**Goal of the exercise:** Only an exact repetition of the lines from the one holding "Nuevos MITSUBISHI OUTLANDER" to the end of the data is wanted, with pictures left out.

━━ Excerpted records ━━

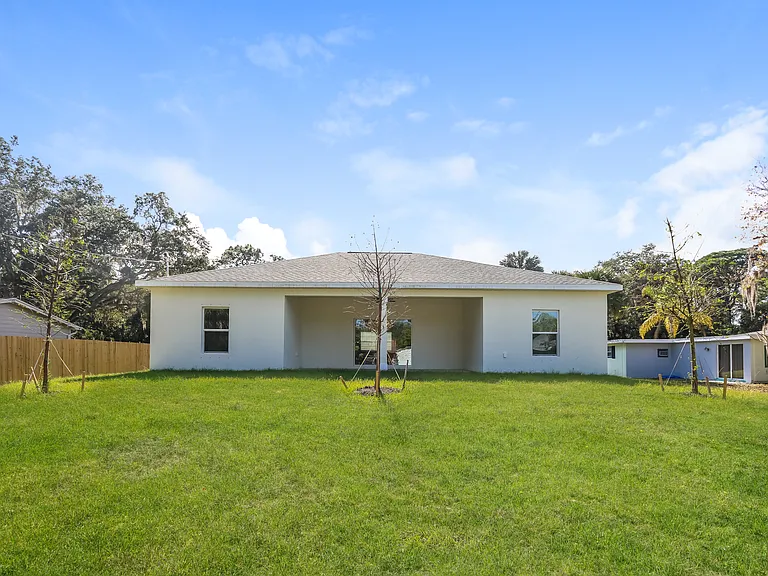 18090 Crawford Ave — Photo 18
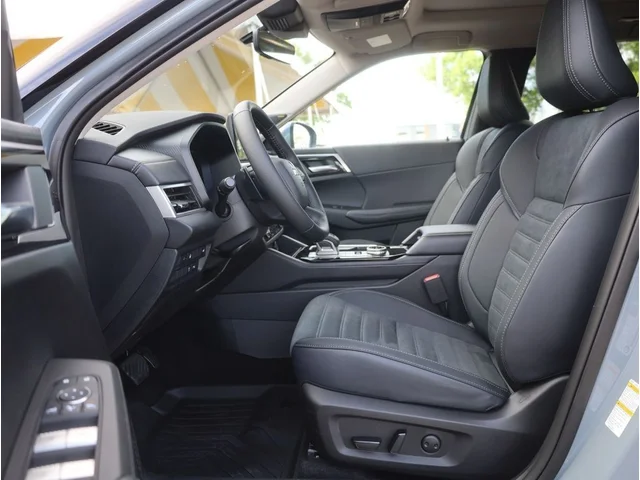 Nuevos MITSUBISHI OUTLANDER PHEV à Estados chez autogozo
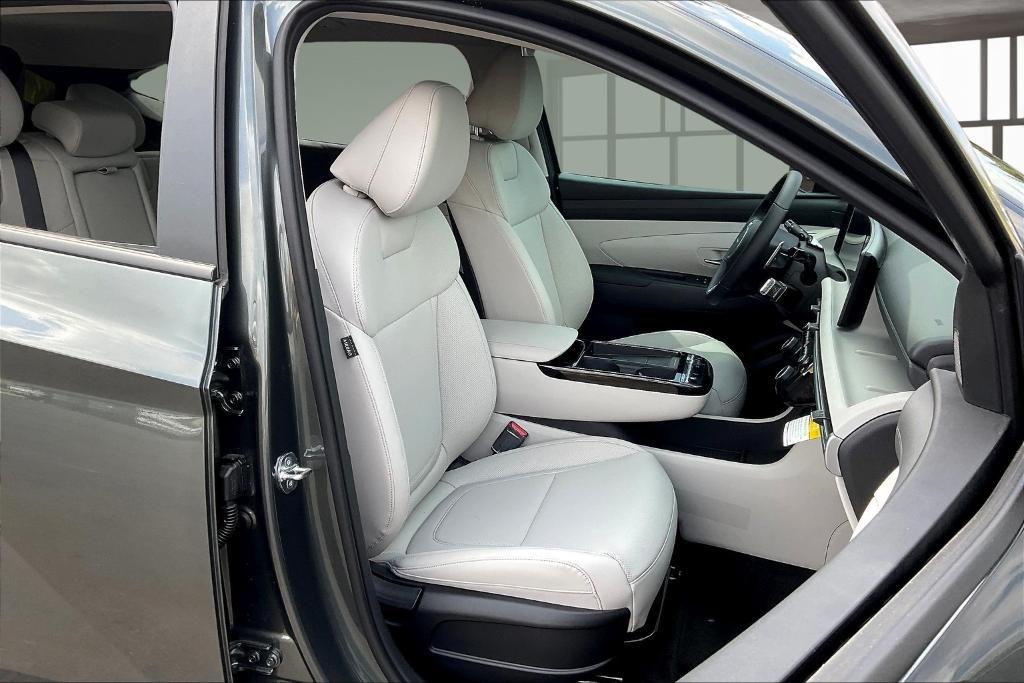 new 2025 Hyundai TUCSON Hybrid car, priced at $38,951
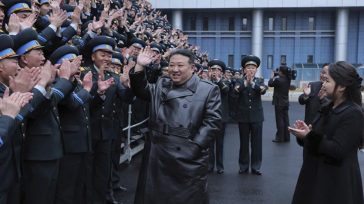 Βόρεια Κορέα: Ο Κιμ Γιονγκ Ουν επανεξελέγη στην ηγεσία του κυβερνώντος κόμματος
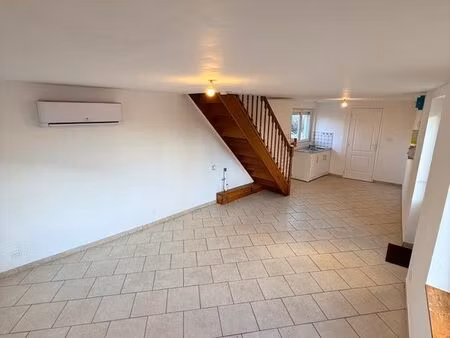 maison maison rénové 1 chambre avec terrain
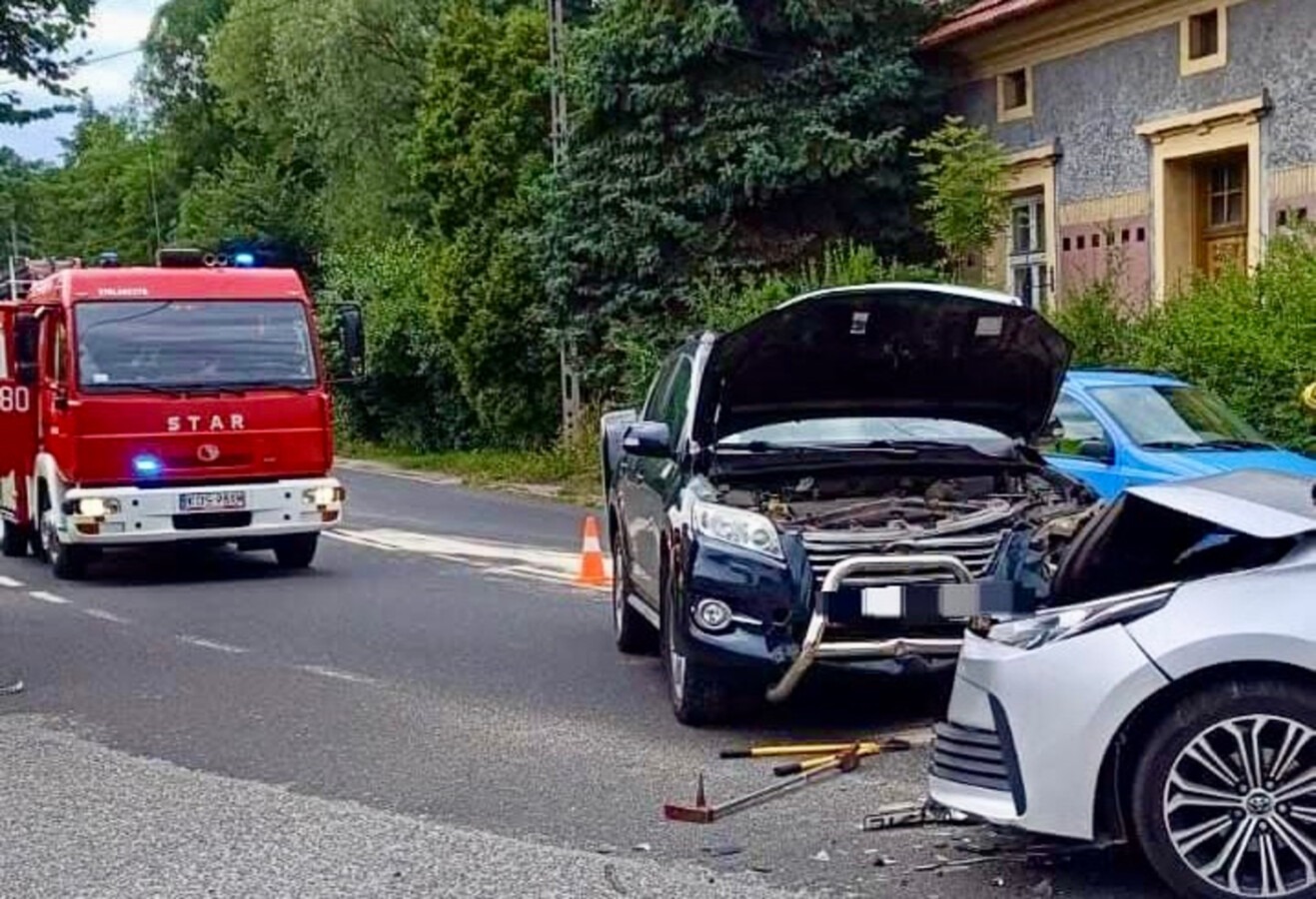 Zderzenie samochodów w Zatorze. Są poszkodowani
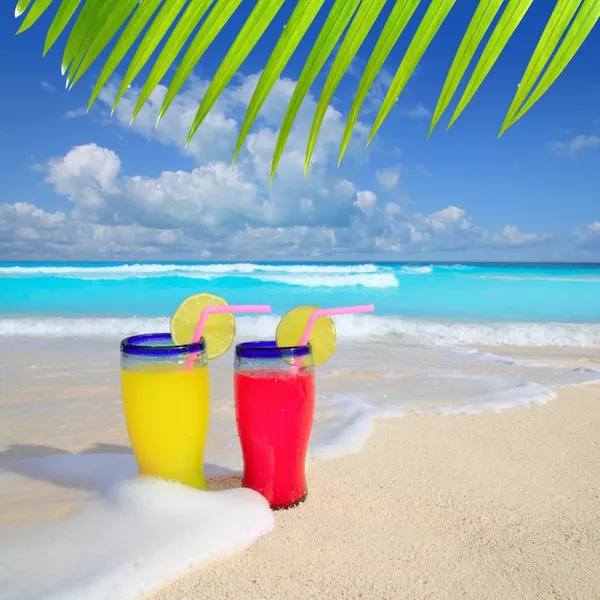 Strand cocktails gele rode golf schuim tropische zee — Stockfoto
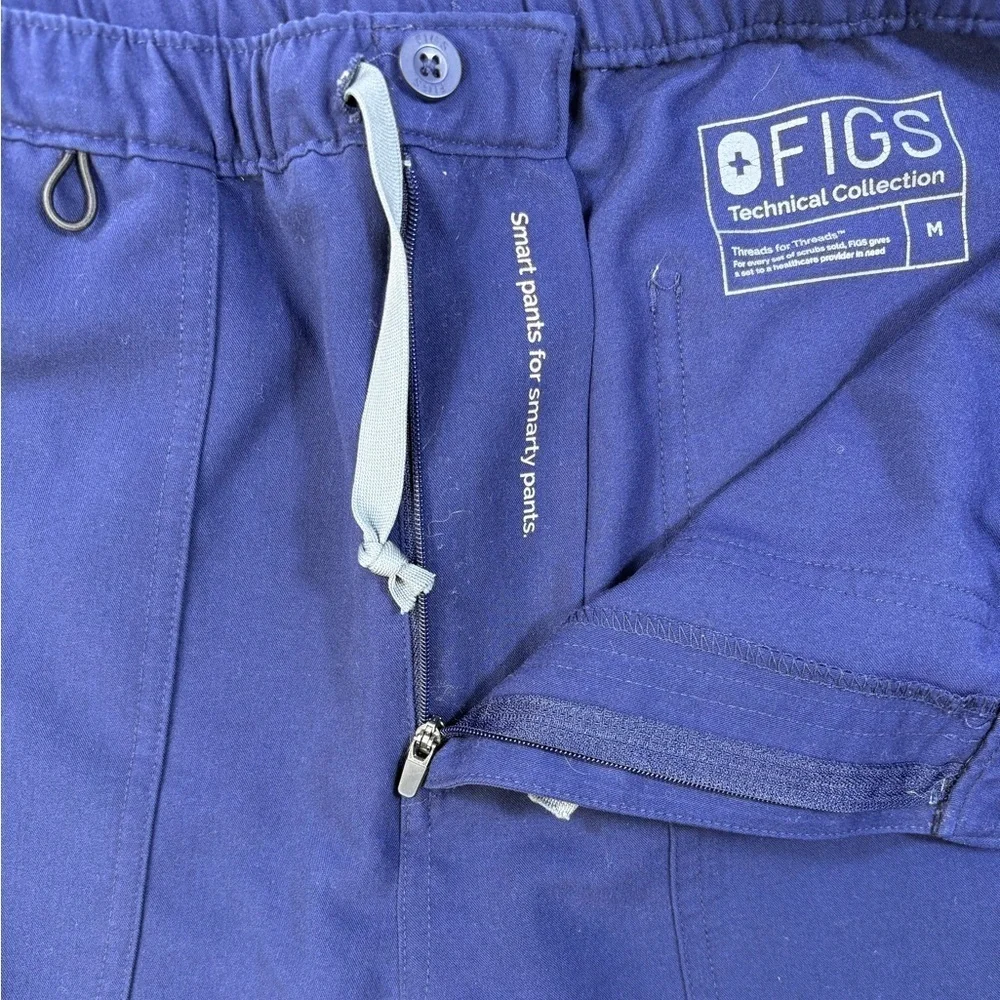 Figs Men’s Navy Cairo Cargo Zip Fly Scrub Pants | Size M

━━━

**Answer area:**
 Nuevos MITSUBISHI OUTLANDER PHEV à Estados chez autogozo
 new 2025 Hyundai TUCSON Hybrid car, priced at $38,951
 Βόρεια Κορέα: Ο Κιμ Γιονγκ Ουν επανεξελέγη στην ηγεσία του κυβερνώντος κόμματος
 maison maison rénové 1 chambre avec terrain
 Zderzenie samochodów w Zatorze. Są poszkodowani
 Strand cocktails gele rode golf schuim tropische zee — Stockfoto
 Figs Men’s Navy Cairo Cargo Zip Fly Scrub Pants | Size M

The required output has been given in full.